BACKGROUND OF THE INVENTION

1. Field of the Invention

The present invention relates to improvement of a synchronized signal detector that is used for, for example, an optical disk device or the like and a synchronized signal detecting method.

2. Description of the Related Art

As is well known, at the present day, an optical disk such as a digital versatile disk (DVD) has become widely used as a digital recording medium and high reliability is expected for an optical disk device, which reproduces the optical disk. In such an optical disk, a storage field is provided on a spiral track and the address information of the storage field includes a track number.

However, in the DVD, its specification itself has been developed and a Hi-Vision-compliant next-generation DVD specification is also developed. In the next-generation DVD specification, a memory density is higher than that of a current-generation DVD specification, so that a CN ratio of a reproduction signal tends to be lowered and when fetching the synchronized signal and the address information from this reproduction signal, they are relatively vulnerable to a disturbance such as a noise.

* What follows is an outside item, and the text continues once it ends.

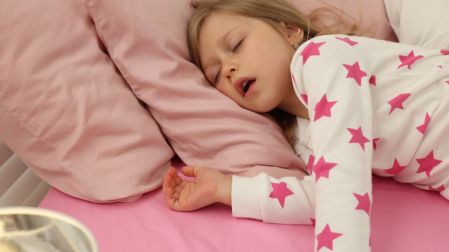 ¿Por qué ocurren los sudores nocturnos en niños?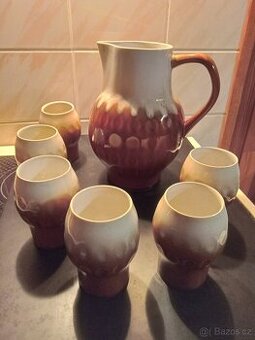 Retro džbán Ditmar-Urbach, šest pivních pohárků.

In Jpn. Pat. Appln. KOKAI Publication No. 2003-187457, the structure of acquiring a synchronized signal by shifting an input signal of one bit by a shift register and matching the signal with a pattern is disclosed. However, in Jpn. Pat. Appln. KOKAI Publication No. 2003-187457, the synchronized signal is vulnerable to a disturbance such as a noise due to an input signal of one bit. Further, in the case of a next-generation specification, a synchronization (SYNC) pattern is similar to a physical address pattern, so that there is a possibility that, for example, the physical address is falsely detected as the SYNC and the false operation often occurs.

Moreover, specifically, in the circuit configuration of Jpn. Pat. Appln. KOKAI Publication No. 2003-187457, when there is no disturbance such as a noise, a portion specific to a SYNC pattern in a wobble signal at a certain SYNC pattern position can be accurately recognized and a synchronized signal indicating that the SYNC is detected at a certain position is outputted.

On the contrary, if a partial address pattern located on a certain address position is affected by disturbance such as a noise and the signal gets out of shape, the signal may be falsely detected as the SYNC. In this way, if the SYNC is falsely detected, a signal following the falsely detected SYNC is falsely recognized as a physical address, so that a correct physical address cannot be acquired and the correct position on the disk is missed. This leads to the false operation.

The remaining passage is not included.